When Soyinka was presented with the Nobel Prize for Literature in 1986, he became the first African laureate in the process. For those unfamiliar with the achievements of this celebrated poet, playwright, and novelist, however, Chronicles offers a poor sample of Soyinka’s work. Menka’s investigation falls through almost as soon as it has begun – an indication of insurmountable effort required to recover Nigerian society, but resulting also in a novel that boasts a surprising lack of direction, despite the hundreds of pages given over to description and context. Along the way, characters fall into irrelevance, others are kept frustratingly distant by prose that is unnatural, even disorientating. Consider this line, commenting upon a funeral procession: “It would appear that it was not merely stentorian grieving that proved contagious among that motley assemblage of the bereft”. Nor even can basic descriptions escape Soyinka’s thesaurus: Menka’s face, he tells us, is “lightly scarified”. Insignificant in isolation, yet the frequency of these moments is relentless. Their sum is to disrupt all readerly momentum, leaving Chronicles with the feel of a thing unfinished.

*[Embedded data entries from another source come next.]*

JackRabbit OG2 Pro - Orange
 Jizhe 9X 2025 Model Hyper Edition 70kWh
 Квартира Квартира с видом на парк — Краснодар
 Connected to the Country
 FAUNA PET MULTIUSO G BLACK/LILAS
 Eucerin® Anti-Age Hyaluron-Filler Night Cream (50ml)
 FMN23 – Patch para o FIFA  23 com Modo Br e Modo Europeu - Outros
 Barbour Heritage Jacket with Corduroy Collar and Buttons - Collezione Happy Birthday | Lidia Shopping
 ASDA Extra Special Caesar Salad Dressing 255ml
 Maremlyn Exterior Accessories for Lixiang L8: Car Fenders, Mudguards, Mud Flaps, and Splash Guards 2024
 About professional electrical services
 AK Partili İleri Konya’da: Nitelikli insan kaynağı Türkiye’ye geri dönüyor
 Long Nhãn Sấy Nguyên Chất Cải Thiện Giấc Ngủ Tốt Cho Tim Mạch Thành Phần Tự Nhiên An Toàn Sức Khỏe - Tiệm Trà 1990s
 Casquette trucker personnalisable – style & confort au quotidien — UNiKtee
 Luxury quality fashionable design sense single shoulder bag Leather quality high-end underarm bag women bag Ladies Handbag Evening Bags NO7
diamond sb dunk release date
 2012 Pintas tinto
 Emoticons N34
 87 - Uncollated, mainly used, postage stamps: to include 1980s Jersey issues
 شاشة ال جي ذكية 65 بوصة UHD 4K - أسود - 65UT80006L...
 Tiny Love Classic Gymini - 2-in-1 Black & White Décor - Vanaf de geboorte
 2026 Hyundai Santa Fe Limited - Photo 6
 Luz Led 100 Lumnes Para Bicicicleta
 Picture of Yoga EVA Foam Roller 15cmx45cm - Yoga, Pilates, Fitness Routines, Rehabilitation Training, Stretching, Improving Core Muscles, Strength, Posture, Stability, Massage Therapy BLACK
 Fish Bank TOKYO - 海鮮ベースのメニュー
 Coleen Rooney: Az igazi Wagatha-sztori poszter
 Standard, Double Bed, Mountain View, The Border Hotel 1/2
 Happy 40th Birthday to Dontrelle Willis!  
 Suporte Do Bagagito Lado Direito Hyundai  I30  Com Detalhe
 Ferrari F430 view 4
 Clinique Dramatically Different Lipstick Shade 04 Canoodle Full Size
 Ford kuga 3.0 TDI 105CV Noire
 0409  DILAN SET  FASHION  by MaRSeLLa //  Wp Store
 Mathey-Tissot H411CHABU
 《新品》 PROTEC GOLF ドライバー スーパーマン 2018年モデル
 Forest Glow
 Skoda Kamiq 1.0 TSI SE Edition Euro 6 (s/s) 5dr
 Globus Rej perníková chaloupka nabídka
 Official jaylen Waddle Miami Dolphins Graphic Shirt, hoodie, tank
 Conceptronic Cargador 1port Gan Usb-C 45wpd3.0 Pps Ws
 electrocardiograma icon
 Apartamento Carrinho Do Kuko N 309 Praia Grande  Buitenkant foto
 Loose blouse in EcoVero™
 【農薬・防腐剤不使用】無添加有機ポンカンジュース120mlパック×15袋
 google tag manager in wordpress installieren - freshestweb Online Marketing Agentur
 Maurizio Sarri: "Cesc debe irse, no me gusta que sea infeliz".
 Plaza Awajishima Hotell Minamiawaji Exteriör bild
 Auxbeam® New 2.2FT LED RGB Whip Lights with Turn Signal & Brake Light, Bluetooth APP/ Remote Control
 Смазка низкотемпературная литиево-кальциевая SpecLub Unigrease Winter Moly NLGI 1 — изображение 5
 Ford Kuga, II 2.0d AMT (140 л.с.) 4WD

This is not to say that Chronicles roams without merit. Death announces itself into the novel like “a sinkhole opened up in the midst of a crowded intersection, precipitating a welcome shift in focus away from Soyinka’s Nigerian satire, and towards a more nuanced assessment of the tensions that inhere between local traditions and culture and an imperious West. It is the latest chapter in a career-long engagement with such themes, and a reminder of the work that secured Soyinka's place at the high table of contemporary writing.